Marijohn Wilkin had earlier arranged a date to pitch new songs to country singer Lefty Frizzell on March 3, 1959 and brought 'The Long Black Veil' to the meeting just hours after its completion. Frizzell recorded the song for Columbia on the very same day; released as a single, it peaked at No. 6 on the country chart and established a new folk-oriented style for a singer previously renown for his hardcore honky-tonk songs.
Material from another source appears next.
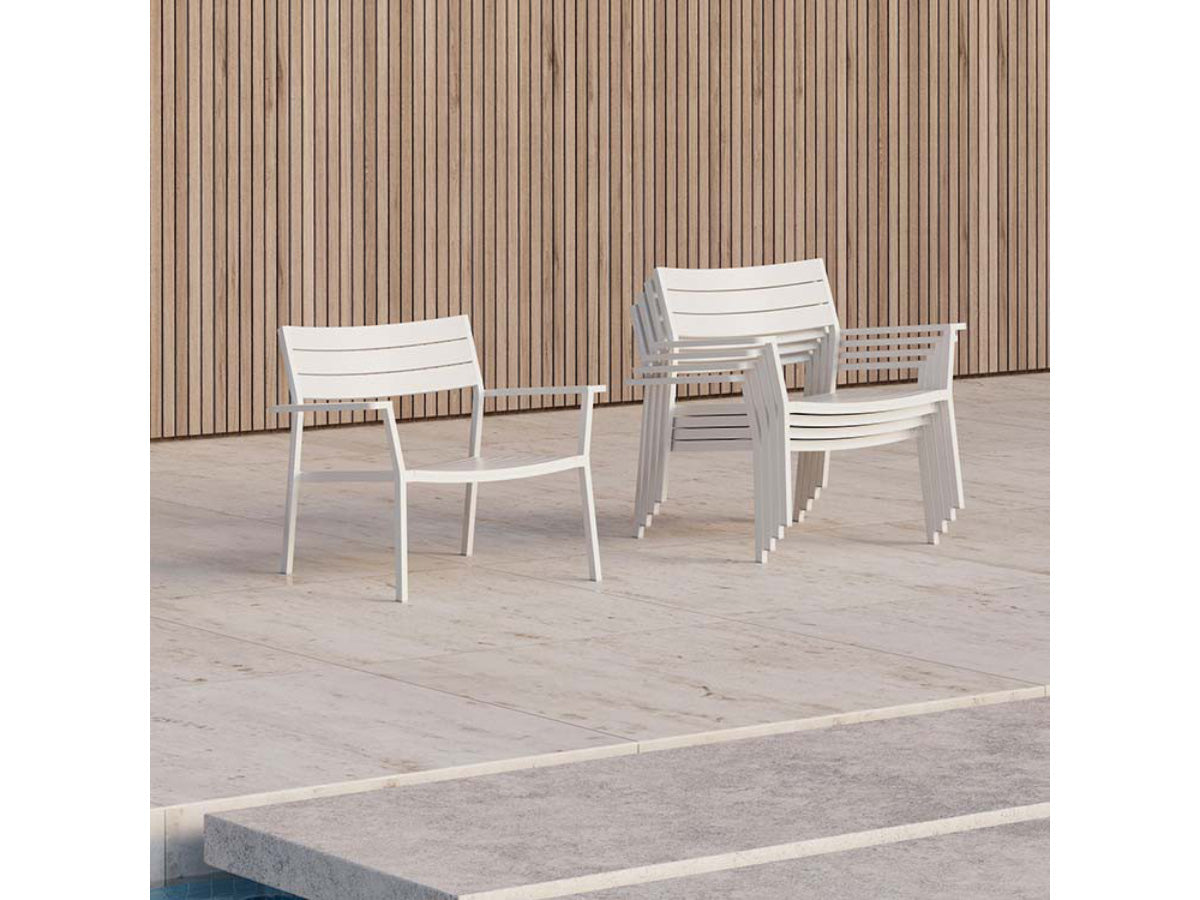 Case Eos Lounge Chair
'Long Black Veil' became a standard of the music later dubbed 'Americana.' Johnny Cash first cut 'Long Black Veil' for the 1965 album Orange Blossom Special. He reprised the song in countless live performances -- most famously on his definitive live album of 1968, 'Johnny Cash At Folsom Prison,' and later in a duet with Joni Mitchell on his ABC network television show.

'SHE'S GOT YOU' (Hank Cochran)

It wasn't her first hit – that was 'Walking After Midnight' (No. 2 Country/No. 12 Pop in 1957). It wasn't her most famous song – that was 'Crazy' by Willie Nelson, from 1961, one of the most-played records in American jukebox history. But there is something about Hank Cochran's 'She's Got You' that is the quintessence of the art of Patsy Cline. It may be the subtle shifts from major to minor, the way her voice moves from its moody lower register to the pained yet somehow defiant high notes, or Cochran's enumeration of the once-treasured objects (photo­graphs, record albums) whose meaning is transformed after love has gone. 'She's Got You' is a classic per­formance.
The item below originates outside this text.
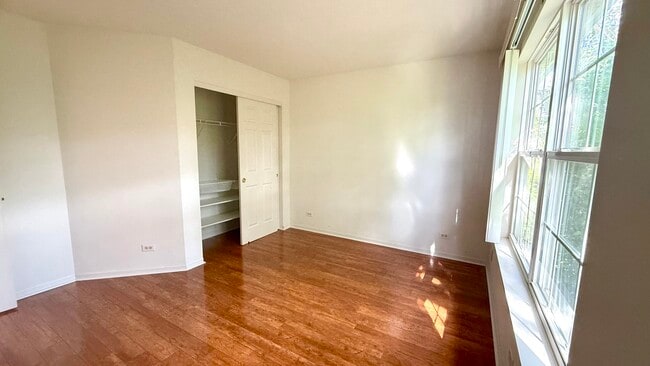 Building Photo - 696 S Jade Ln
"[Patsy] liked songwriters,' legendary tunesmith Harlan Howard recalls. "Patsy loved Hank Cochran, Roger Miller, Willie Nelson, Mel Tillis, and me because we were lighthearted, not too serious. All of us were always getting divorced because you can't be at Tootsie's Orchid Lounge every night missing dinner and stay married."
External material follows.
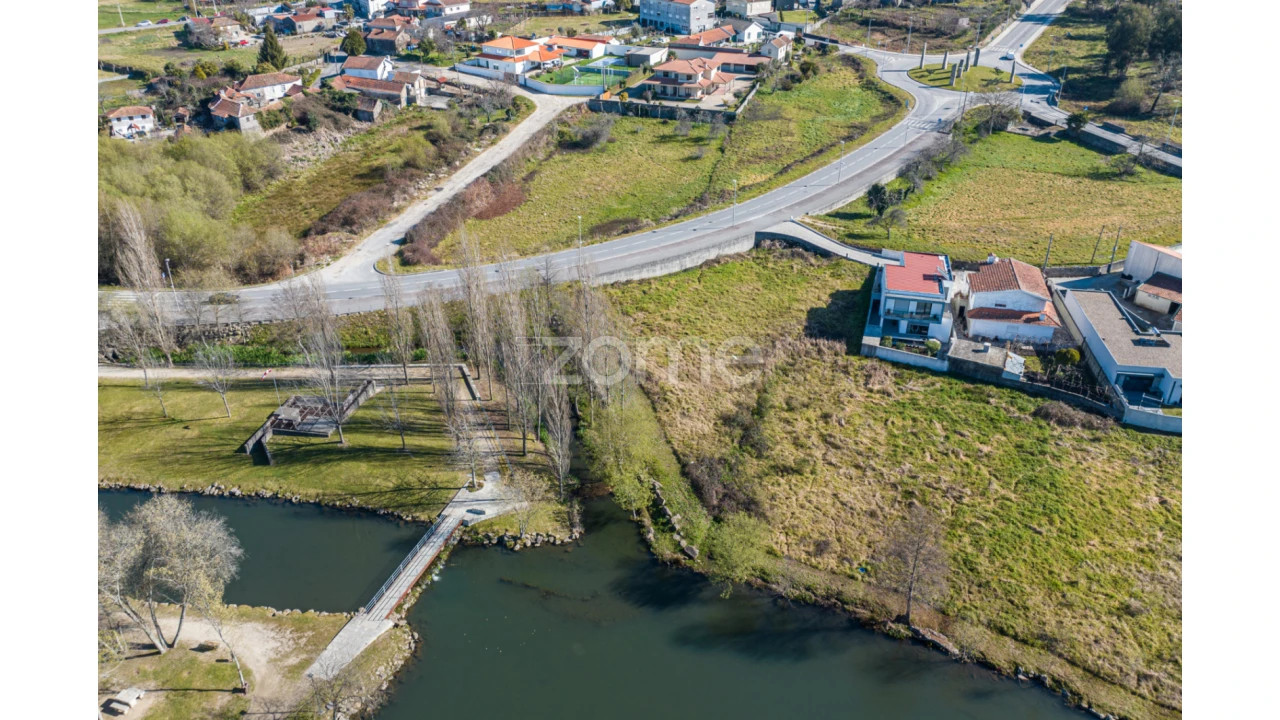 Terreno para Venda em Freamunde Foto 1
'GIRL FROM THE NORTH COUNTRY' (Bob Dylan)

We'll probably never know just whom Bob Dylan had in mind when he wrote 'Girl From The North Country' in late 1962:

If you're travelin' in the north country fair,
Where the winds hit heavy on the borderline,
Remember me to one who lives there,
For she once was a true love of mine...

One claimant is Echo Helstrom, Dylan's high school sweetheart in Hibbing, Minn., when he was still Robert Zimmerman. Another is Bonnie Beecher, the singer's girlfriend during his brief tenure at the University of Minnesota in Minneapolis, who later became an actress and the paramour of Hugh Romney a/k/a Wavy Gravy of Woodstock Festival fame. In his detailed Dylan song study Revolution In The Air, Clinton Heylin notes that during live performances in 1978 Dylan variously introduced 'Girl From The North Country' as a song about "a girl who left me to be a movie star," "the first girl that ever broke my heart [and] left me for an older man," and "the first girl I ever loved, [who] is here in the house tonight."

Dylan's lyrical refrain of "Remember me to one who lives there/she once was a true love of mine" was taken directly from 'Scarborough Fair.' Simon & Garfunkel sang the same words on their version of 'Scarborough Fair,' from the 1966 album 'Parsley, Sage, Rosemary and Thyme.'

In February 1969, Johnny Cash joined the Nashville recording sessions for Bob Dylan's ninth studio album 'Nashville Skyline.' A marathon of duet recordings ensued – including attempts at 'I Walk the Line,' 'One Too Many Mornings,' and 'You Are My Sunshine,' among many other titles – but only 'Girl From The North Country' made the final cut. It became the lead track on 'Nashville Skyline,' and Cash's free-verse poem, 'Of Bob Dylan,' served as the album's liner notes (later winning a Grammy Award for the author).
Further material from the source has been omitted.